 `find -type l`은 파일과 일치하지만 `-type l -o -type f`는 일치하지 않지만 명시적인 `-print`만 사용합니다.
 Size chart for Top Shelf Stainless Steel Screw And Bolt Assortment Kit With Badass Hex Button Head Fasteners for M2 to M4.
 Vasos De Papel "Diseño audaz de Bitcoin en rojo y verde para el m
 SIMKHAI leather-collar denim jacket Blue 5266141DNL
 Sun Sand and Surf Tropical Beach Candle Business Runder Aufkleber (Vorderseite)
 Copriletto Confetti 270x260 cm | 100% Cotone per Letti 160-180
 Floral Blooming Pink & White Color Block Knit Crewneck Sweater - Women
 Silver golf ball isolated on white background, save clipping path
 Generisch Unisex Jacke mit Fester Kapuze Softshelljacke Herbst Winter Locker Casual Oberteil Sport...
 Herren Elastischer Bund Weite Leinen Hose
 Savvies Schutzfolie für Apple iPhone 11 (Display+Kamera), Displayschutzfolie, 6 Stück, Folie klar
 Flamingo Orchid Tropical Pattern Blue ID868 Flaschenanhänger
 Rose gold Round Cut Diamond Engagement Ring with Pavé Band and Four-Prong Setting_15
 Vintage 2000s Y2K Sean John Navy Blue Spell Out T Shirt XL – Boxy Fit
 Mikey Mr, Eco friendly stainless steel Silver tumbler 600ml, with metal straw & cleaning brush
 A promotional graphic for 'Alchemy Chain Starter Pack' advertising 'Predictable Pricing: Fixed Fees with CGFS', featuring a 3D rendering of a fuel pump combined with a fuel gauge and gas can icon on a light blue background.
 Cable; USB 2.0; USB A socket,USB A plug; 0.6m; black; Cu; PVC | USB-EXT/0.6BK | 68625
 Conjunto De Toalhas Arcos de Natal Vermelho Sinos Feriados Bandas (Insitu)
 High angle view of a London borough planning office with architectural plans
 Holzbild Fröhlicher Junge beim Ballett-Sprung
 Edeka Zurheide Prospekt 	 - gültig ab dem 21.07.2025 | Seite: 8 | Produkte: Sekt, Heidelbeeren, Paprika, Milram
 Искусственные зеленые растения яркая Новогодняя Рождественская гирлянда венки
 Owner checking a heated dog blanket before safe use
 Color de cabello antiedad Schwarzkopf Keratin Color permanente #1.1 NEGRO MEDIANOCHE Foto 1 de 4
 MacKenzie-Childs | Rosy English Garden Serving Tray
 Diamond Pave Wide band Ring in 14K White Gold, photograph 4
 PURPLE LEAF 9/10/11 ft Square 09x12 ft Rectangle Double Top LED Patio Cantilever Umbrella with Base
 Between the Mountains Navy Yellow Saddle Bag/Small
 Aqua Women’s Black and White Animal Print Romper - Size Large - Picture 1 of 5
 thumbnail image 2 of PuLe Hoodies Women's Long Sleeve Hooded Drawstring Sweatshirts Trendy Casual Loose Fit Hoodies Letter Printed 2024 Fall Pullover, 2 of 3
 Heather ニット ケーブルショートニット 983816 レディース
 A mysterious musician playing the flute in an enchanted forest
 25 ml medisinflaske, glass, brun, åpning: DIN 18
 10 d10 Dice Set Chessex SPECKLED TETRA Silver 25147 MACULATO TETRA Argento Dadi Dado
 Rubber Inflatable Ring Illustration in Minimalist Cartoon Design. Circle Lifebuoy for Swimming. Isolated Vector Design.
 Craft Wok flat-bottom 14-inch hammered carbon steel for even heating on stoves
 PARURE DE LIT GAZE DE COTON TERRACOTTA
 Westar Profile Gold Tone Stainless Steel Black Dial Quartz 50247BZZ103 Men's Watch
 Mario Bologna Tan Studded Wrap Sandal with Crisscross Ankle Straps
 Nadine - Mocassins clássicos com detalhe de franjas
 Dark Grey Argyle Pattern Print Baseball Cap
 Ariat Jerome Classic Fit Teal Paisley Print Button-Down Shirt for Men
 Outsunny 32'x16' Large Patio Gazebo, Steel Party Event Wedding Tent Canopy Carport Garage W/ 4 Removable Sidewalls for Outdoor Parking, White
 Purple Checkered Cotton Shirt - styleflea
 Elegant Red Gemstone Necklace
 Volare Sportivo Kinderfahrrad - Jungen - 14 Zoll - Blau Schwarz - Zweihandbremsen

■ Your instructions ■
Copy the lines above exactly, from the very first through the one containing "SIMKHAI leather-collar denim", and include no other line.

■ Your solution ■
 `find -type l`은 파일과 일치하지만 `-type l -o -type f`는 일치하지 않지만 명시적인 `-print`만 사용합니다.
 Size chart for Top Shelf Stainless Steel Screw And Bolt Assortment Kit With Badass Hex Button Head Fasteners for M2 to M4.
 Vasos De Papel "Diseño audaz de Bitcoin en rojo y verde para el m
 SIMKHAI leather-collar denim jacket Blue 5266141DNL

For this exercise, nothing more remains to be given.